- _GOAL OF THE EXERCISE_:
The first line of the entries below, the line containing "Yemen Houthis Claim", and every line between them should be repeated exactly, and nothing else.

- _RECORDS SUPPLIED_:
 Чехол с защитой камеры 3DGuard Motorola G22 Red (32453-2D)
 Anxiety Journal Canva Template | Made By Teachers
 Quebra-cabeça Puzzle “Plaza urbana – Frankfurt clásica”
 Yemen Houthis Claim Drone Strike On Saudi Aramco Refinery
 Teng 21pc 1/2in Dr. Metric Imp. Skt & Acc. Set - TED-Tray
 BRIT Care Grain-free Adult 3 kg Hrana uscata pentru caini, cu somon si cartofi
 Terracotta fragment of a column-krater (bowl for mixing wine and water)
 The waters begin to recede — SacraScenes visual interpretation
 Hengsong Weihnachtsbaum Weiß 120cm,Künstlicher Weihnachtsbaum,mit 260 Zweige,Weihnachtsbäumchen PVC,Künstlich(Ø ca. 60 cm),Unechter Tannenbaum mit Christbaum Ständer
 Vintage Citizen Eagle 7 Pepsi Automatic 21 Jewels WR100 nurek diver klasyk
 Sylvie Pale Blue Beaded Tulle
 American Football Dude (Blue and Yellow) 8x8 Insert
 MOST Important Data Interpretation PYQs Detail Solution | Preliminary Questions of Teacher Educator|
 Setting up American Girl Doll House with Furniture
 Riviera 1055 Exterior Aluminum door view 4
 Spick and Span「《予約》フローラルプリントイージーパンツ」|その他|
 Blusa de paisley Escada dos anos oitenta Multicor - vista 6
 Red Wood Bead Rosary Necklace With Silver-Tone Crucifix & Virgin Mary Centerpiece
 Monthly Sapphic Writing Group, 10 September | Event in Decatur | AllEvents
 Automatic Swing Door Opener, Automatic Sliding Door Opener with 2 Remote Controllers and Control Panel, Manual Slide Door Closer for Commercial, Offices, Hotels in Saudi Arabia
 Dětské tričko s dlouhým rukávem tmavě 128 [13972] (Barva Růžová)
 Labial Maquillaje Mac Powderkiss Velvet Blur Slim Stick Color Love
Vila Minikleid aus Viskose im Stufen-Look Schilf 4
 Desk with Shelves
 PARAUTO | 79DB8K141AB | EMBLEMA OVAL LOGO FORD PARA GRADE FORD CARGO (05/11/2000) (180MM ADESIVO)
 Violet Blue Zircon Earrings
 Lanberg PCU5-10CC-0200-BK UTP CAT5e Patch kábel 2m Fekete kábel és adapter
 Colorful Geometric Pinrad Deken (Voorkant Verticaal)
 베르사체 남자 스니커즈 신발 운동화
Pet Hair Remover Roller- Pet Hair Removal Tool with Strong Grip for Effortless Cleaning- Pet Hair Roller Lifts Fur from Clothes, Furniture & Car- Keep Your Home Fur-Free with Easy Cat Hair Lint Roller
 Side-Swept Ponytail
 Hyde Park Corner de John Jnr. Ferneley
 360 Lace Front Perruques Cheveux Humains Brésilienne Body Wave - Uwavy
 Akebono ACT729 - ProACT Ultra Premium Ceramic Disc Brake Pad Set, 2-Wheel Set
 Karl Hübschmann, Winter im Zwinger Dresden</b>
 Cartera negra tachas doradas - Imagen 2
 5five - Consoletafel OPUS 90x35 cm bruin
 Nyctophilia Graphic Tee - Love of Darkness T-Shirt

- _EXERCISE RESULT_:
 Чехол с защитой камеры 3DGuard Motorola G22 Red (32453-2D)
 Anxiety Journal Canva Template | Made By Teachers
 Quebra-cabeça Puzzle “Plaza urbana – Frankfurt clásica”
 Yemen Houthis Claim Drone Strike On Saudi Aramco Refinery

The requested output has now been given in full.